Before we argue—again—about whether Shakespeare is still relevant, it’s worth watching a three-minute clip that does more to answer the question than any curriculum guide ever could.
On The Late Show, Ian McKellen closes an interview with Stephen Colbert by performing a speech written over 400 years ago. The words come from Sir Thomas More, a play never staged in William Shakespeare’s lifetime but widely attributed—at least in part—to him.
McKellen doesn’t modernize the language.
He doesn’t explain it.
He just performs it.
And suddenly, the room changes.
The speech is addressed to a mob angry at “strangers”—immigrants. Instead of scolding them, the speaker does something far more dangerous: he asks them to imagine. Imagine families forced to leave. Imagine being driven out.
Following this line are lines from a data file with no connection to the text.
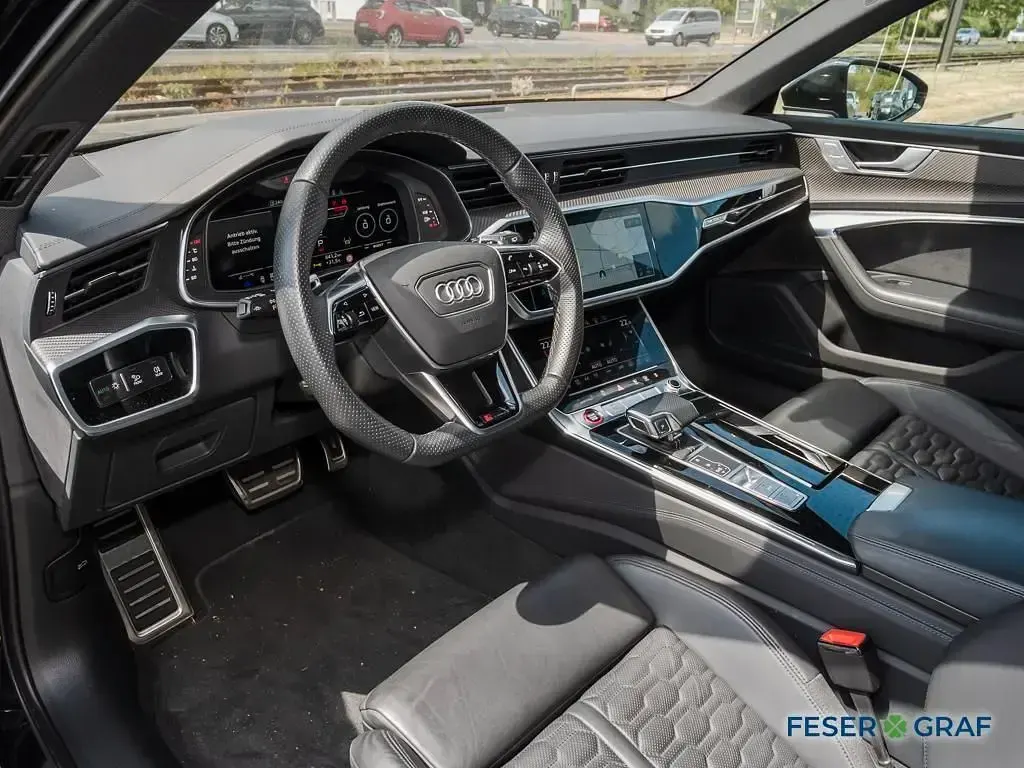 Gebraucht Audi RS6 Sport 600 PS (441 kW) 2022 Mythosschwarz metallic Kombi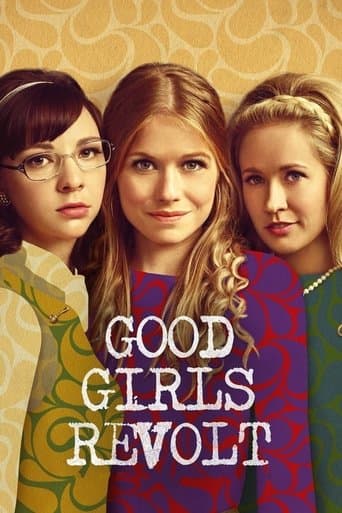 Movie poster for Good Girls Revolt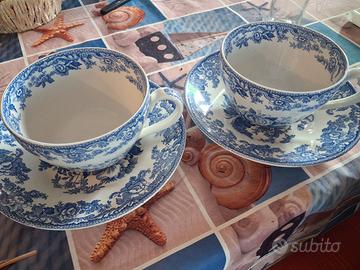 Tazze grandi blue collection spode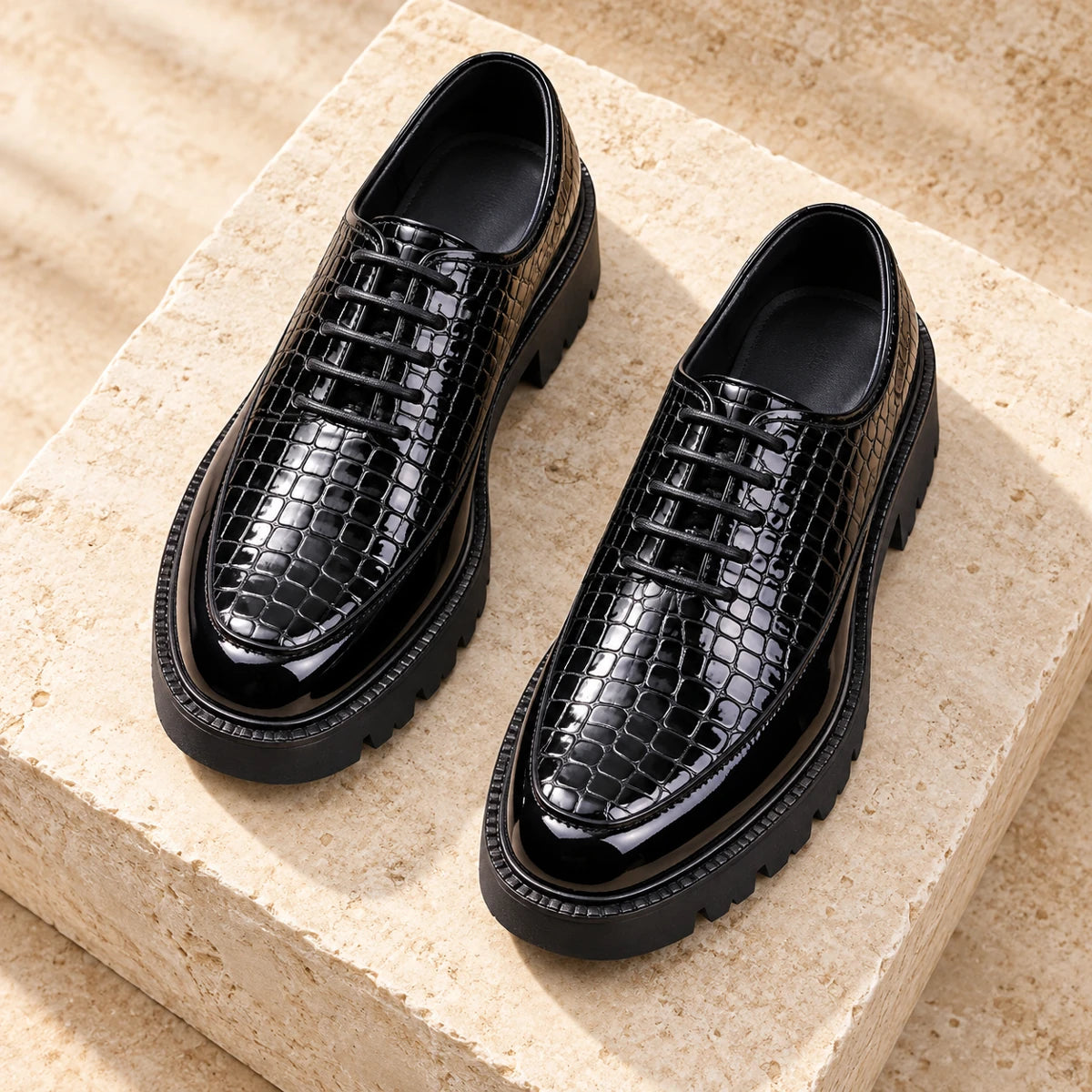 Kent Shoes Black secondary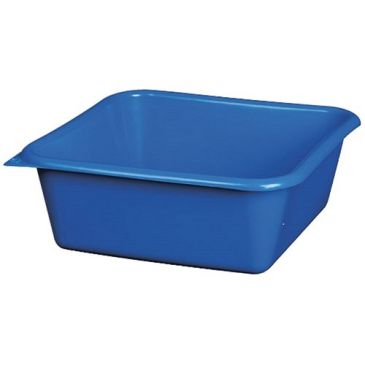 Cuvette carrée 20 cm / 1.5 L Bleu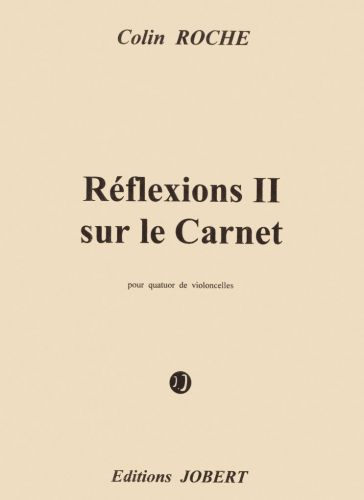 copertina Rflexions II sur le carnet Jobert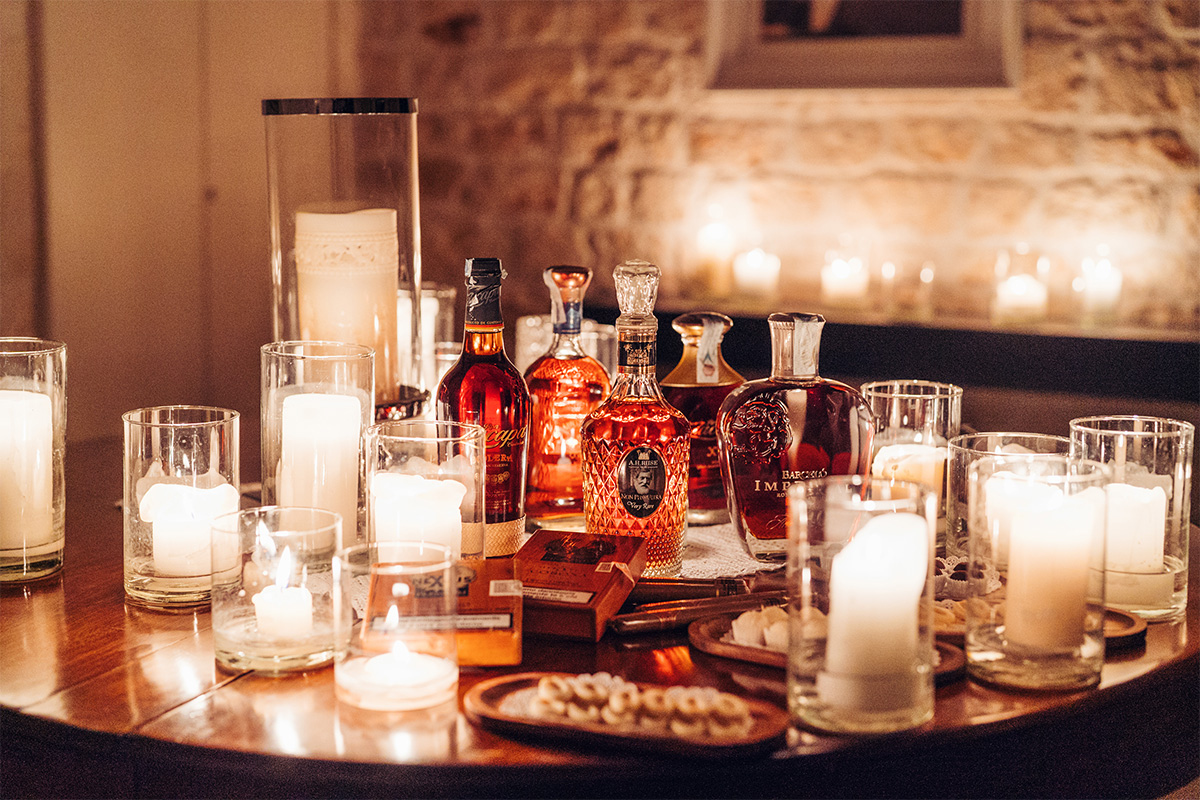 Drink experience for weddings and events at Il Santissimo.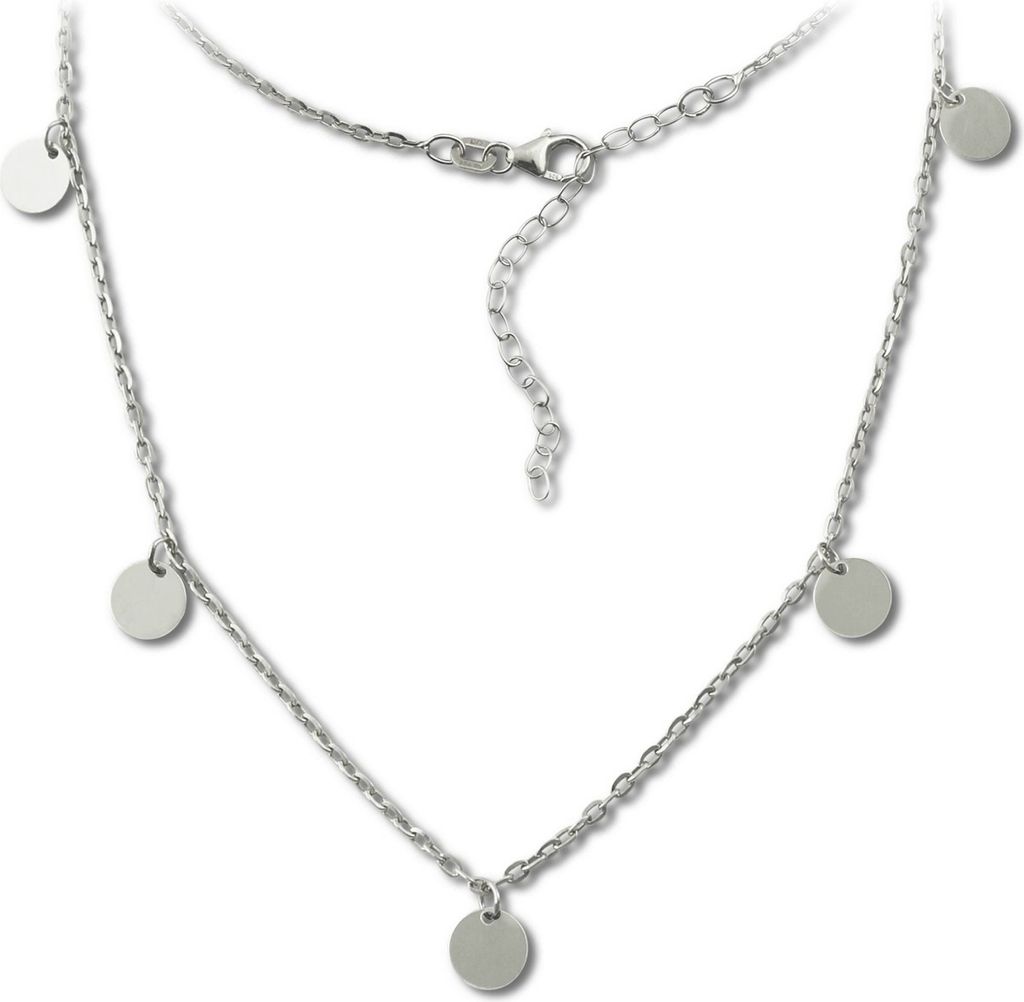 SilberDream Halskette 38cm 925 Sterling Silber Schmuck Produktbild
Imagine becoming the stranger yourself.
That move—imagine this is happening to you—lands just as hard now as it did in the early 1600s.
This is the moment worth showing students.
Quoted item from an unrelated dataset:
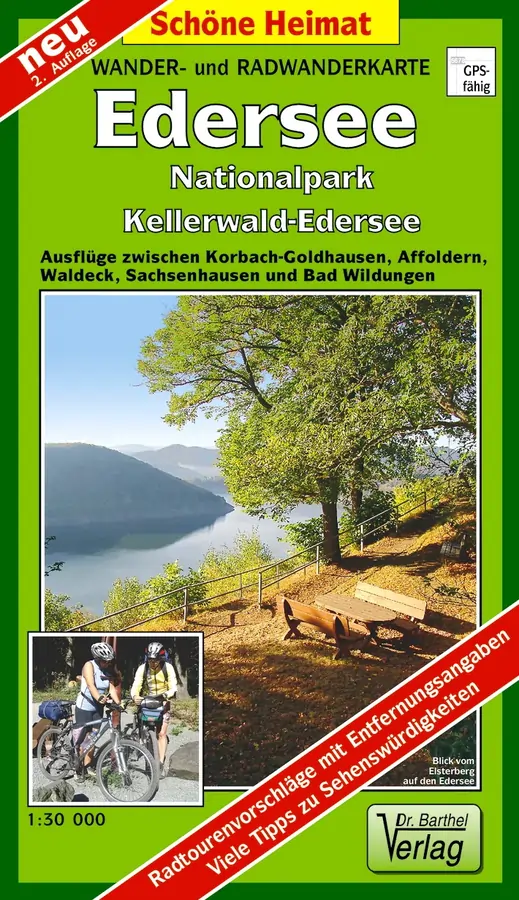 Wanderkarte Edersee Wanderkarte Edersee
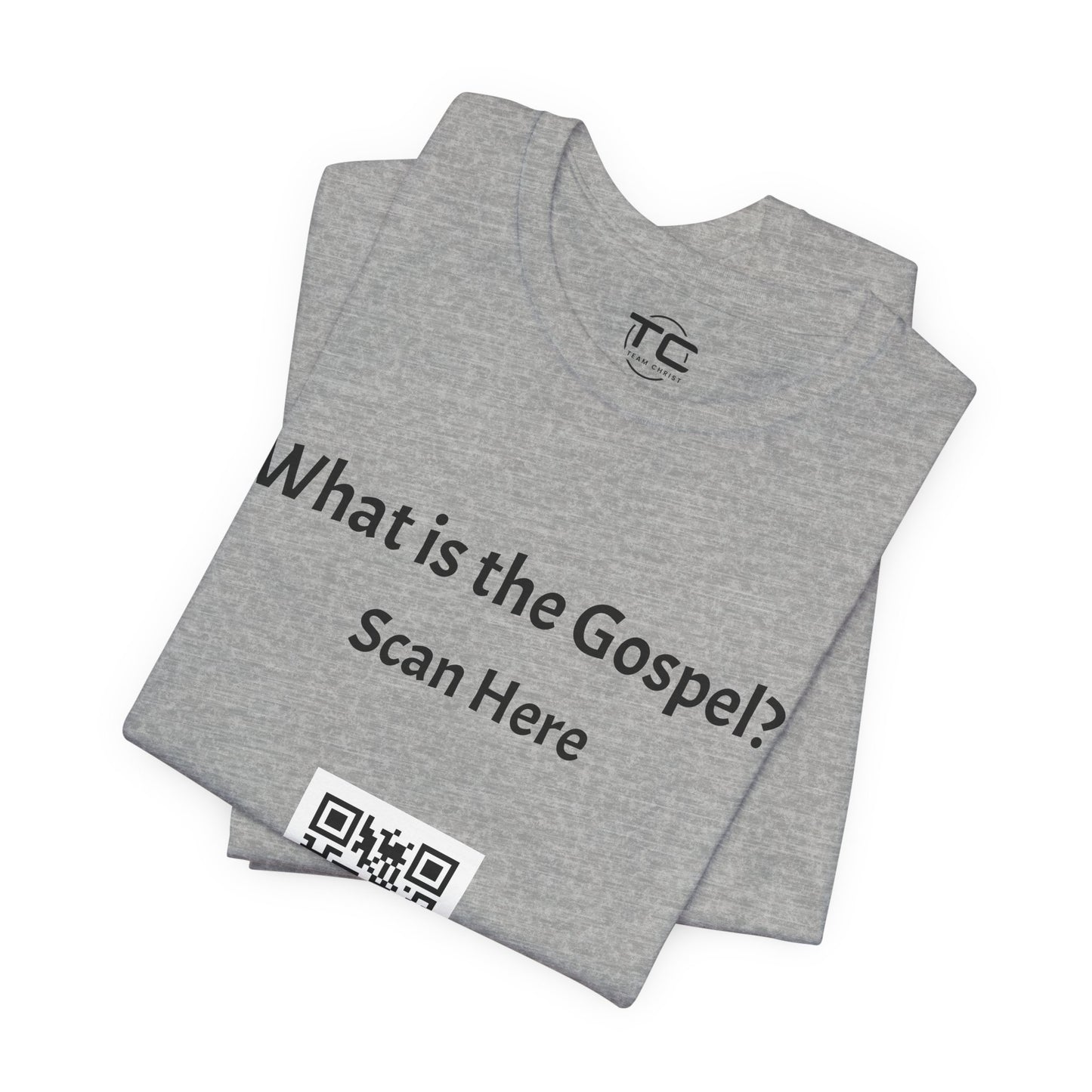 What is the Gospel? Christian Blog Tee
Not because it’s Shakespeare trivia.
Not because it’s historically interesting.
But it reveals what Shakespeare actually does when he’s at his best.
He doesn’t tell audiences what to think.
He doesn’t offer slogans or easy answers.
He uses language to stretch empathy, flip perspectives, and force the listener into moral discomfort.
When McKellen delivers the lines, you can feel it: this isn’t “old English.” This is a warning. A mirror. A test of imagination.
This is also why Shakespeare still belongs in classrooms.
Students don’t need Shakespeare because he’s canonical.
They need him because he trains a skill we desperately need more of: the ability to see ourselves in someone else’s place.
When we teach Shakespeare as a decoding exercise—translate the words, answer the questions, move on—we miss the point. Shakespeare was writing for performance, for crowds, for moments like this one, where language interrupts complacency.
If students can watch this clip and feel its weight, then the question isn’t “Why are we still teaching Shakespeare?”
The question is “What happens when we stop teaching students how to imagine?”
And Shakespeare, inconveniently, still has some of the best words for that job.
The Stranger’s Case
Grant them [the immigrants] removed.
And grant that this your noise hath chid down all the majesty of England. Imagine that you see the wretched strangers, their babies at their backs with their poor luggage, plodding to the ports and coasts for transportation; and that you sit as kings in your desires, authority quite silenced by your brawl, and you in ruff of your opinions clothed. What have you got?
I’ll tell you: you have taught how insolence and strong hand should prevail, how order should be quelled. And by this pattern not one of you should live an aged man; for other ruffians, as their fancies wrought, with self‑same hand, self reason and self‑right, would shark on you, and men like ravenous fishes feed on one another.
You’ll put down strangers, kill them, cut their throats, possess their houses. Oh, desperate as you are, wash your foul minds with tears; and those same hands that you, like rebels, lift against the peace, lift up for peace, and your unreverent knees, make them your feet to kneel, to be forgiven.
And say now the king, as he is clement if the offender mourn, should so much come too short of your great trespass as but to banish you. Whither would you go?
What country, by the nature of your error, should give you harbor? Go you to France or Flanders, to any German province, Spain or Portugal—anywhere that not adheres to England—why, you must needs be strangers.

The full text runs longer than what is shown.